United States of Writing is an initiative to expand our core programs to better serve writers coast to coast. This year, we’re piloting United States of Writing in Detroit, Houston, and New Orleans with plans to expand in the coming years.

Follow our literary outreach coordinators—Justin Rogers in Detroit, Lupe Mendez in Houston, and Kelly Harris in New Orleans—as they report on the literary life in three storied American cities.

United States of Writing is supported with a generous grant from the Hearst Foundations and additional support from Amazon Literary Partnership.

4.7.21

Happy April and National Poetry Month! This week, I conclude my series of interviews with Houston writers speaking about their experience during the COVID-19 pandemic, each answering the question:

What have you been doing since the pandemic started?

This week features Rose Mary Salum, founding editor of the bilingual literary magazine Literal: Latin American Voices and Literal Publishing. Salum is the author of The Water That Rocks the Silence, translated from the Spanish by C. M. Mayo, winner of the International Latino Book Award and the prestigious Panamerican Award Carlos Montemayor; Tres semillas de granada: Ensayos desde el inframundo (Vaso Roto, 2020); Una de ellas (Dislocados, 2020); El agua que mece el silencio (Vaso Roto, 2015); Delta de las arenas, cuentos árabes, cuentos judíos (Literal Publishing, 2013), winner of the International Latino Book Award; and Spaces in Between (Literal Publishing, 2006).

Here is what she had to say:

“When the pandemic started last year—I guess this happened to all of us—I was in shock. At that time, I felt like something, or someone, was stealing a part of my life away from me. There are a few days, here and there, that I still have that sense of grief and loss. I remember one day though, just as I was touching bottom on my feelings regarding the lockdown, an idea came to me: I needed to make up for all the time lost in this pandemic by putting together a book. That would be the only way I could survive this time without losing my mind. The mere idea of waking up to a project that I set for myself made all the difference. That book is finished and, in spite of the fact that I still need to go through it and make sure all looks good, at least I can say that I kept my cool thanks to it.”

Lupe Mendez is the literary outreach coordinator for Poets & Writers in Houston. Contact him at Houston@pw.org or on Twitter, @houstonpworg.

 

3.31.21

Recently I reconnected with Detroit’s Deonte Osayande, whose new collection, Recipe for the Poet, is available now from Finishing Line Press. Osayande describes this collection as a mix of both form and free verse pieces acting as a sampler ahead of his anticipated full-length collection. “It blends the lessons I’ve learned about form poetry with the relevant topics of today,” says Osayande. I also believe that this is an important approach for both readers and writers of poetry; to allow poetic forms that are often thought of as “old” to reflect on the current world.
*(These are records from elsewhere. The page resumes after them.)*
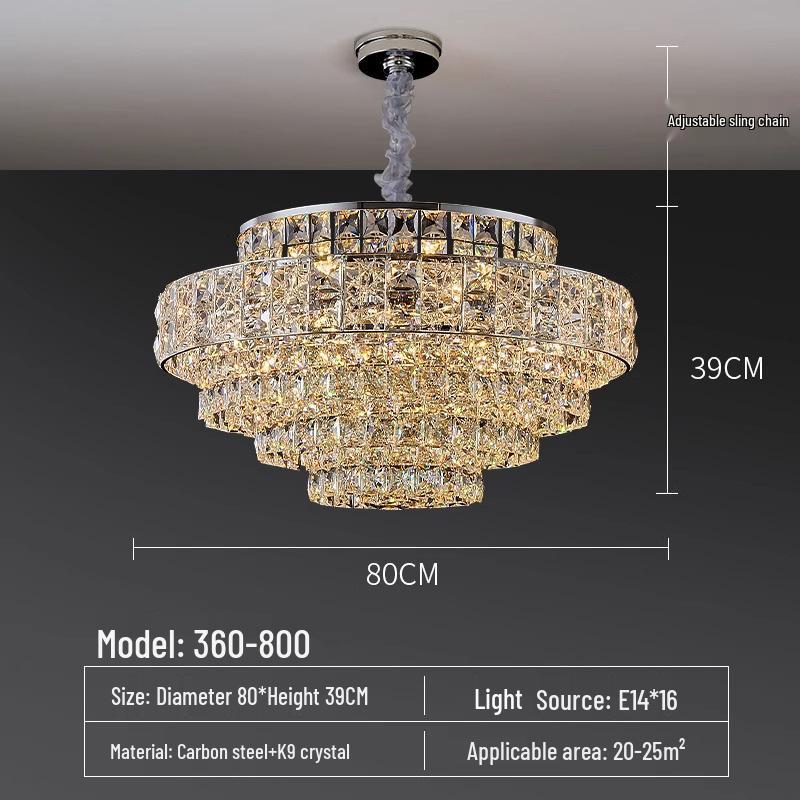 2025 Romantic Crystal Petal Chandelier - Cream Style, Warm Luxury for Living Room/Bedroom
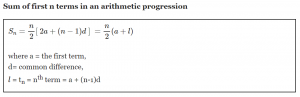 sum of first n terms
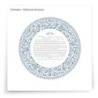 David Fisher Jewish Paper-Cut Round Ketubah (Light Blue)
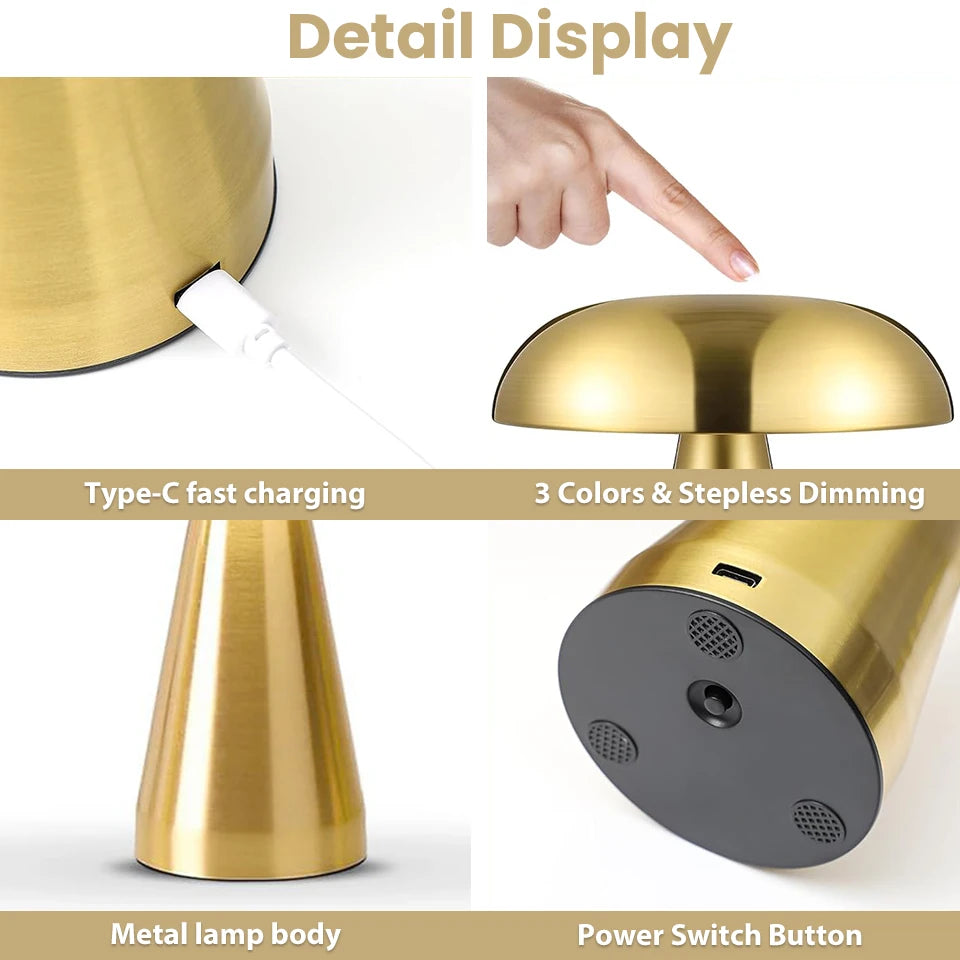Rechargeable Mushroom LED Table Lamp - Cordless Touch Sensor Bedside Light 5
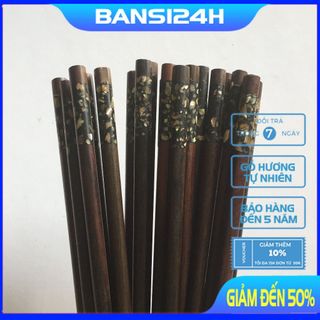 Đũa gỗ trắc đỏ cẩn bào ngư - 10 Đôi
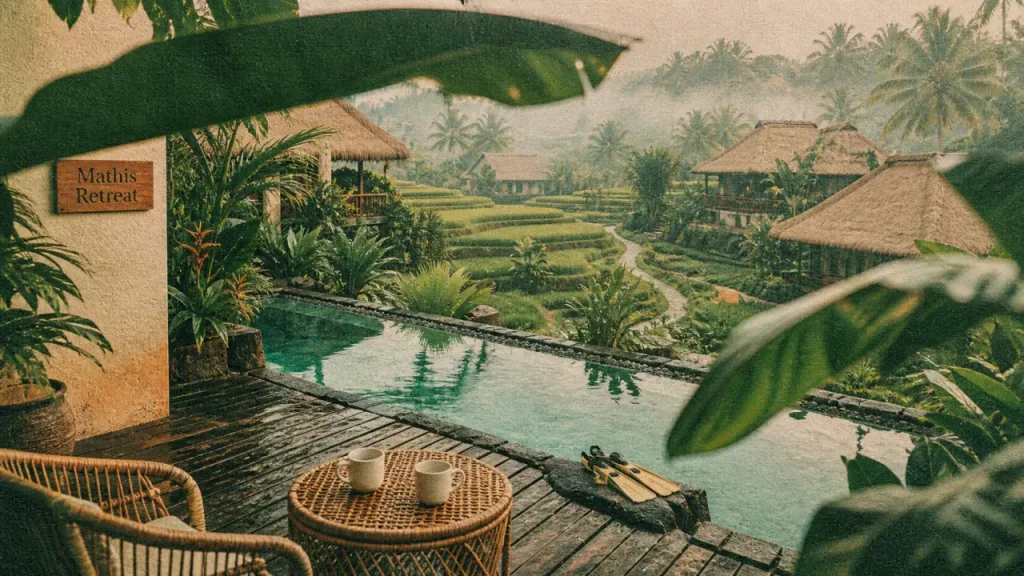 Mathis Retreat Ubud Bali : terrasse et piscine au milieu des rizières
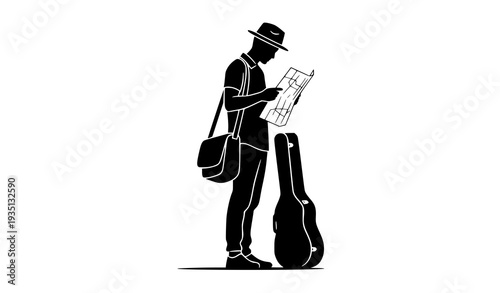 Musician Traveler Silhouette with Guitar Case and Map Vector Art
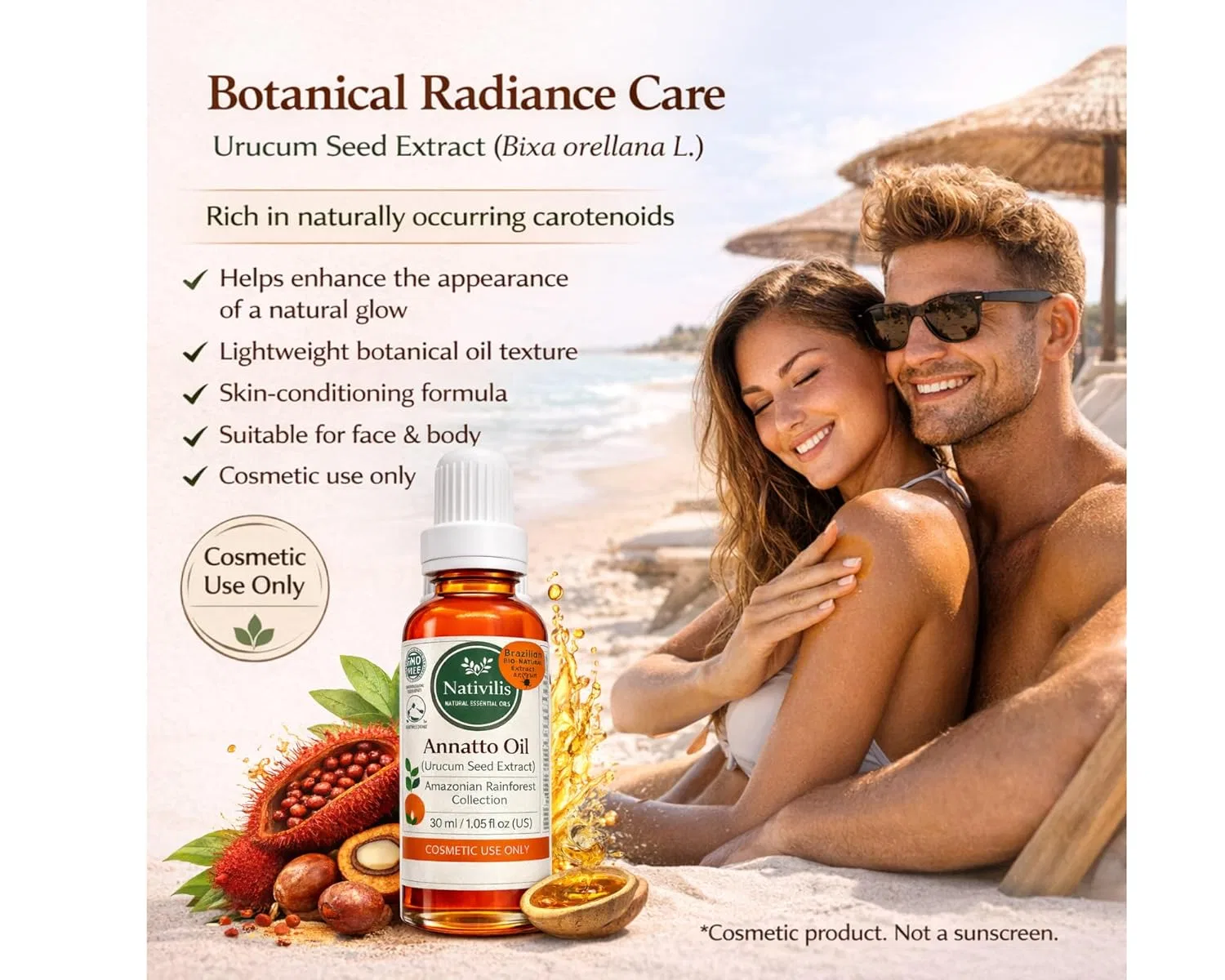 Масло урукума Nativilis Amazonian Annatto Oil 30 мл Nativilis Natural Essential Oils — фото 3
Serving the Detroit literary community as a poet, host, and slam master for over a decade, Osayande is a well-known artist in the city and is the author of three other collections, Class (Urban Farmhouse Press, 2017), Circus (Brick Mantle Books, 2018), and Civilian (Urban Farmhouse Press, 2019).

Given Osayande’s experience publishing in literary journals and working on manuscripts, I asked what advice he would give to those who want to submit work. “Never give up and write what you know. Rejection is part of the game and happens to everyone,” says Osayande. “You just need to have the drive and passion to persevere through it. If you write about what is close to your heart, those will be the most meaningful poems.”

Photo: Book cover of Recipe for the Poet (Finishing Line Press, 2021) by Deonte Osayande.
 
Justin Rogers is the literary outreach coordinator for Poets & Writers in Detroit. Contact him at Detroit@pw.org or on Twitter, @Detroitpworg.
3.24.21

Poets & Writers has launched a second round of Project Grants for BIPOC Writers to support writers in our United States of Writing cities of Detroit, Houston, and New Orleans.

Recently Poets & Writers’ Readings & Workshops program staff members and I held an informational session to help writers from all cities get to know the organization and navigate the process of applying for a project grant. I was pleased to see many New Orleans writers and familiar faces in attendance.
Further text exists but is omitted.